Garçon ou fille, homme ou femme... Le genre à notre naissance est en général l'une des rares certitudes que nous ayons. C’est d'ailleurs l'une des premières questions que l'on pose aux parents : « garçon ou fille » ? Comme si, déjà, tout était dit… Or, dans quelques cas, rares, la nature joue des tours. Certains, depuis la petite enfance, sont persuadés de n'être pas nés dans le bon corps.

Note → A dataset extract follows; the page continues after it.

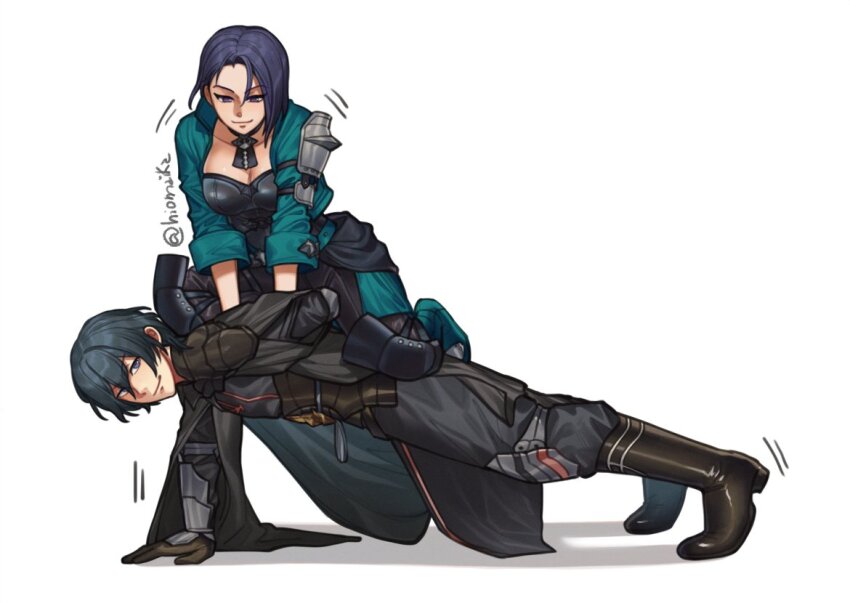 1boy, 1girl, armor, black_gloves, black_hair, black_pants, boots, exercising, fire_emblem, fire_emblem:_three_houses, girl_on_top, gloves, jacket, male_byleth_(fire_emblem), nintendo, one_arm_push-ups, pants, push-ups, shamir_nevrand, shg_(hiomaika), sitting, twitter_username, white_background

Il y a encore 30 ans, les homosexuels devaient se cacher et une partie du corps médical voulaient les « guérir ». De la même façon, il y a encore un an, la transsexualité était considérée comme une maladie mentale. Ce n'est plus le cas depuis un décret de mars 2010. Les transsexuels ne sont plus des malades psychiatriques mais entrent dans le cadre des ALD (affections longues durées), avec des traitements (hormones, opération, séances de psychiatrie) pris en charge par la sécurité sociale. En revanche pour obtenir leurs nouveaux papiers d'identité, c'est encore le parcours du combattant, un parcours long, 2 ans minimum, et humiliant.

Impossible de chiffrer le nombre de transsexuels en France. On estime qu'ils sont entre 40 000 et 60 000 selon les associations, mais ce n'est qu'une estimation très imprécise. Un tiers des transsexuels le seraient dans le sens « fille vers garçon » (FtM, female to male), 2/3 « garçon vers fille » (MtF, male to female). Tous ont pourtant un point commun qu'ils clament haut et fort : « Nous n'avons pas choisi d'être transsexuels, nous le subissons, personne ne choisirait cette vie-là par plaisir!! »

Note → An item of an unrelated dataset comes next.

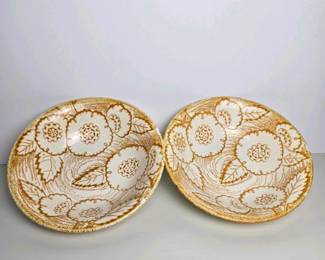 129 pairofvintagebrownfloralceramicbow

Qu'est-ce qu'être transsexuel de nos jours en France ? Comment vivent-ils au quotidien ? Comment passent-ils d'homme à femme, ou à l'inverse de femme à homme ? Par quelles opérations chirurgicales doivent-ils passer ? Comment leur famille, leur entourage, vivent-ils ce changement de sexe ? Est-ce dans la tête ou dans le corps ?

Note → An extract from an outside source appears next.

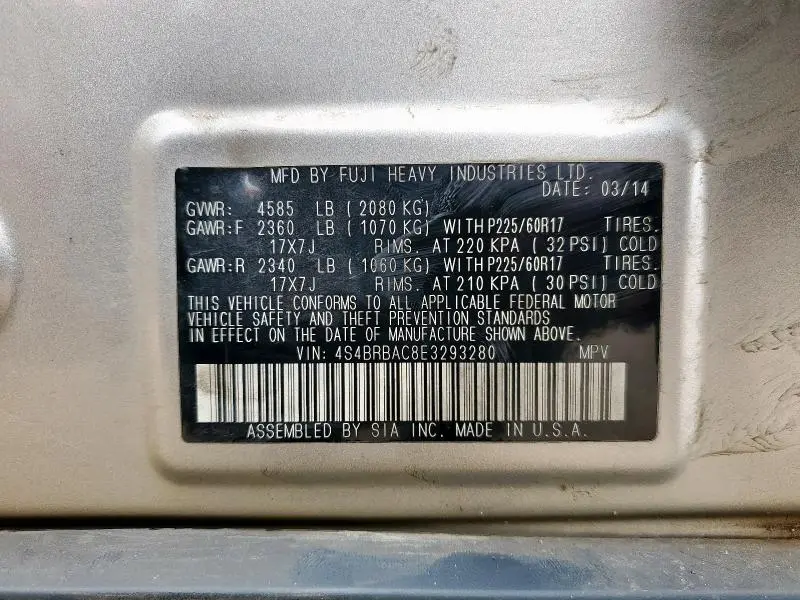 2014 SUBARU OUTBACK 2.5I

Pendant près d'un an, les caméras ont suivi au quotidien ces cinq personnalités incroyables, drôles et émouvantes, à qui la nature a joué des tours. Ils n'ont rien caché de leur quotidien et nous ont accepté pendant l'un des moments les plus forts de leur vie : celui où ils sont passés définitivement d'un sexe à l'autre, pour être enfin bien dans leur peau. Un film d'Hélène Mourot.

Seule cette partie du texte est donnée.